I recently switched the majority of my self-hosted services over to Proxmox running on a custom built 1U supermicro server. It’s been working so well I decided to build a second one, and setup a two node HA cluster to take advantage of live migration among other features. Proxmox uses corosync to track cluster status, but the trick is it requires a third node (qdevice) to provide quorum and act as a tie breaker. Fortunately you don’t need to use a full machine for this as that could get expensive. Most rational homelab folks will opt for a Raspberry PI or existing NAS in this case but I wanted to try something different.

Having also recently switched from a Ubiquiti Security Gateway Pro over to the newer Unifi Dream Machine Pro (UDM-Pro), I thought I would try running an extra Docker container on this little ARM64 “unified” router/server. There have been many words spilled over the usefulness (or lack thereof) of the current UnifiOS, and early attempts at running custom services didn’t go so well. However as anyone into the homelab scene knows, the community is a persistent bunch and has prevailed at providing a more robust framework for running these kinds of services.

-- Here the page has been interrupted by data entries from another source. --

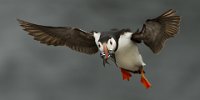 PSA GOLD MEDAL - ATLANTIC PUFFIN IN FLIGHT WF 7 - RIEHLE GUNTHER - germany <div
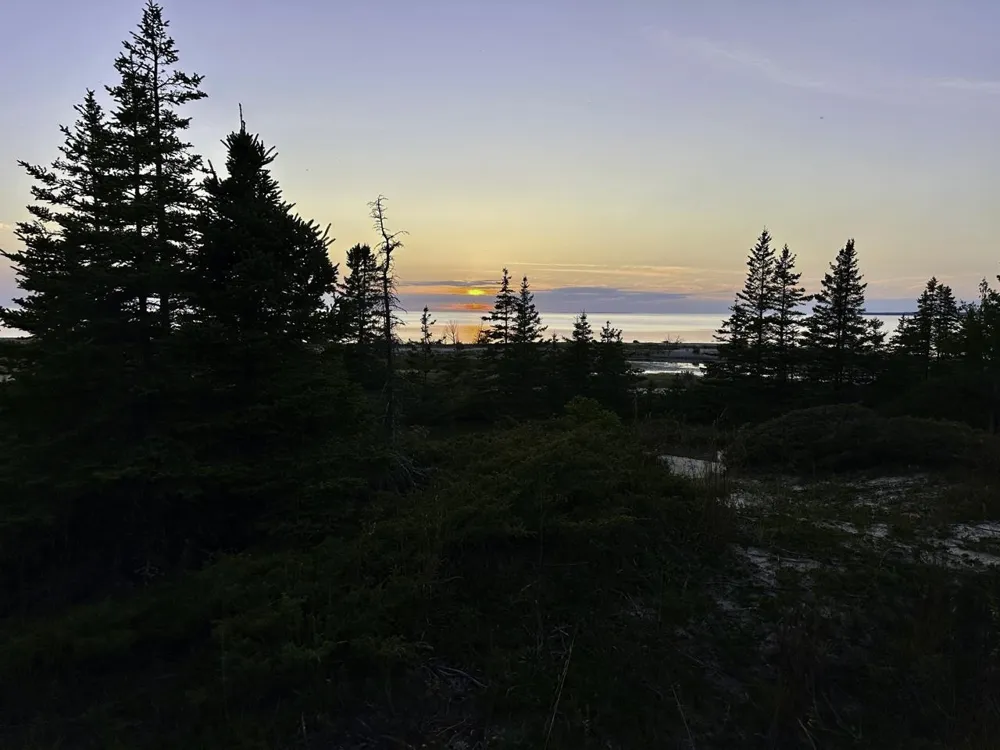 Mrs Reddings Trail Peaine Township, MI 49782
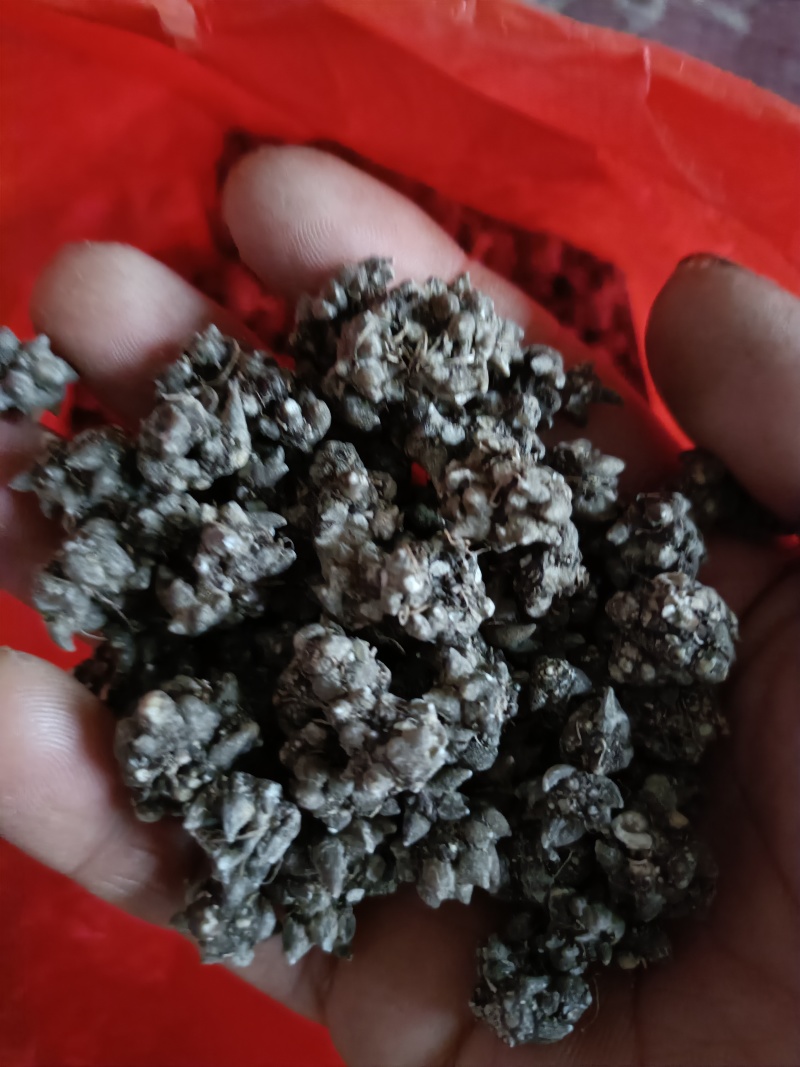 猫爪草自家种植基地常年供应量大价优可视频看货
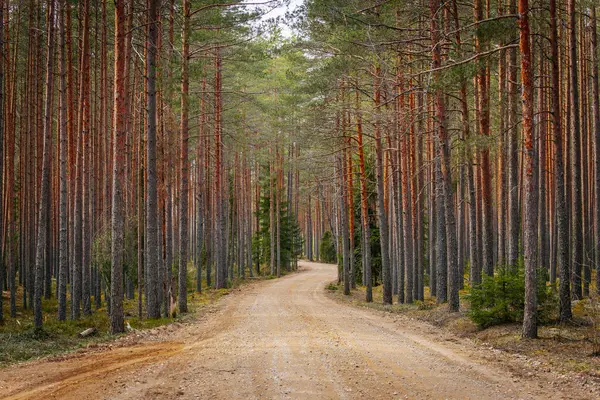 stock image Gravel road in the pine forest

So building on the great work of others and being somewhat persistent myself, I’ve worked out what you need in order to run a qdevice on the UDM-Pro. And now for the unfortunately necessary disclaimer:

The instructions that follow can render your UDM-Pro an unusable brick and possibly void your warranty. Follow these steps at your own risk, and if you decide to try them make sure it’s not in a production environment!

The Magic

First ssh as root into your UDM-Pro. From there, execute the following:

# unifi-os shell
root@udmpro:/# curl -L https://raw.githubusercontent.com/boostchicken/udm-utilities/master/on-boot-script/packages/udm-boot_1.0.1-1_all.deb -o udm-boot_1.0.1-1_all.deb
root@udmpro:/# dpkg -i udm-boot_1.0.1-1_all.deb
root@udmpro:/# exit

Note that the above is modifying the underlying OS on the UDM-Pro. After exiting you’ll be back in the restricted shell. Proceed with running these commands:

# cd /mnt/data/on_boot.d
# wget https://github.com/boostchicken/udm-utilities/blob/master/dns-common/on_boot.d/10-dns.sh -O 10-qnetd.sh
(edit this file to match your vlan, change "dns" to "qnetd" everywhere)
# /mnt/data/on_boot.d/10-qnetd.sh
# cd /mnt/data/podman/cni
# wget https://github.com/boostchicken/udm-utilities/blob/master/cni-plugins/20-dns.conflist -O 20-qnetd.conflist
(edit this file to match your network, change "dns" to "qnetd")
# docker network ls
(you should see qnetd)
# mkdir -p /mnt/data_ext/corosync && chmod 777 /mnt/data_ext/corosync
# docker run -d --network=qnetd --name=qnetd --cap-drop=ALL -p5403:5403 -v "/mnt/data_ext/corosync:/etc/corosync" --restart=always modelrockettier/corosync-qnetd:v3-arm64v8

The chmod 777 here poses a security risk, but I was too impatient to look for a more suitable workaround. Note that you can ignore errors about healthchecks after running the docker run line. From this point, you should proceed with the prerequisites and instruction sections of Dockerized Corosync QNet Daemon starting at step #3. Assuming everything has gone well, you should be able to login to your qnetd container on the UDM-Pro and see your Proxmox cluster nodes connected:

# docker exec -it qnetd /bin/bash
coroqnetd@6587531c9d73:/$ corosync-qnetd-tool -s
QNetd address:			*:5403
TLS:				Supported (client certificate required)
Connected clients:		2
Connected clusters:		1

You can also verify from one of your Proxmox cluster nodes:

root@node1:~# pvecm status
Cluster information
Name:             mycluster
Config Version:   2
Transport:        knet
Secure auth:      on

Quorum information
Date:             Tue Jul 14 21:17:12 2020
Quorum provider:  corosync_votequorum
Nodes:            2
Node ID:          0x00000001
Ring ID:          1.17
Quorate:          Yes

Votequorum information
Expected votes:   3
Highest expected: 3
Total votes:      3
Quorum:           2
Flags:            Quorate Qdevice

Membership information
    Nodeid      Votes    Qdevice Name
0x00000001          1    A,V,NMW (local)
0x00000002          1    A,V,NMW
0x00000000          1            Qdevice

If you’ve made it this far, congratulations on your new two node HA cluster! Feedback and improvements to this process are welcome. I’ll followup in a few months with a status update on how it’s working.